Karol Markowicz

Karol Markowicz

Opinion

America’s ugly epidemic of social media envy

When did envy become OK?

I’m constantly hearing or seeing not-very-guilty admissions of being jealous of a friend for, say, something seen on Instagram. Whether it’s eye-rolling at a friend’s exotic trip, snarking on someone’s great seats at the ballgame or commenting about an acquaintance’s restaurant-every-night life, jealousy is in.

Have we become a culture of green-eyed monsters who (in the parlance of hip-hop) “hate on” our friends and acquaintances for all they have and we don’t?

Maybe it’s social media. Study after study shows that our jealousy spikes with our use of social sharing sites.

People you know take more luxurious vacations than you do, their relationships are closer and more loving, their children better behaved and cuter — and the evidence is right there on the Web. A University of Michigan study released in August found that, the more people use Facebook, the worse they feel about their own lives. And a study last December out of Oxford deemed Instagram to be even more envy-inducing.
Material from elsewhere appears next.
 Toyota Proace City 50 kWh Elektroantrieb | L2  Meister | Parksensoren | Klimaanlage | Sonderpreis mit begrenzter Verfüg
But is it just social media that makes us so envious? Or some deeper change that social media facilitate? I’m thinking of Karen Paperno, the owner of Park Slope baby boutique Boing Boing, who raged in Huffington Post piece about the growing affluence of her neighborhood and her difficulty in keeping up with the Joneses. In this example of off-line jealousy, The New York Times picked up the story and detailed the difficult life of a middle-class woman in a rich neighborhood.

It’s easy to feel sympathetic to Paperno, who works hard at a neighborhood business and whose husband’s illness forced her to close a second business location. At least, it is until she admits to stealing “spices, honey, coconut oil, granola; expensive things that I wanted” from a store near her home, even as she derides the materialism of others.

Karen Paperno in 2010, demonstrates the correct way to wear a ‘ring’ sling.Gregory P. Mango

The Times called the market “one of the many emblems of the new, consumerist Park Slope” but it’s most likely a small business just like Paperno’s. Should its owners be allowed to steal from her shop, too?

And isn’t the woman who can’t live without coconut oil the real “consumerist” here? She’s a successful business owner, living in one of the hottest neighborhoods in New York. She could move 20 minutes deeper into Brooklyn and have the cash to live much higher on the hog.

On a bigger scale, she’s among the luckiest people in human history — living freely in a place not ravaged by real poverty and disease.

Where is her perspective?

Never before have so many had so much while still wanting more.

There’s nothing new about jealousy and envy, of course.

What’s new is our cultural acceptance of it. In a world where we talk about “inequality” as the greatest problem we face, of course we support each other’s need to have as much stuff as our friends and neighbors.

You shouldn’t have to think about starving children in Africa to feel grateful for the vast wealth we all have. We live in a time and place where most people have everything they could possibly need to lead a happy existence. Yet somehow admitting you’re jealous over our friend’s vacation isn’t met with a “grow up!” but instead with an “I understand.”

Our reactions are wrong. The proper response to irrational jealousy isn’t to coddle it, but to condemn it.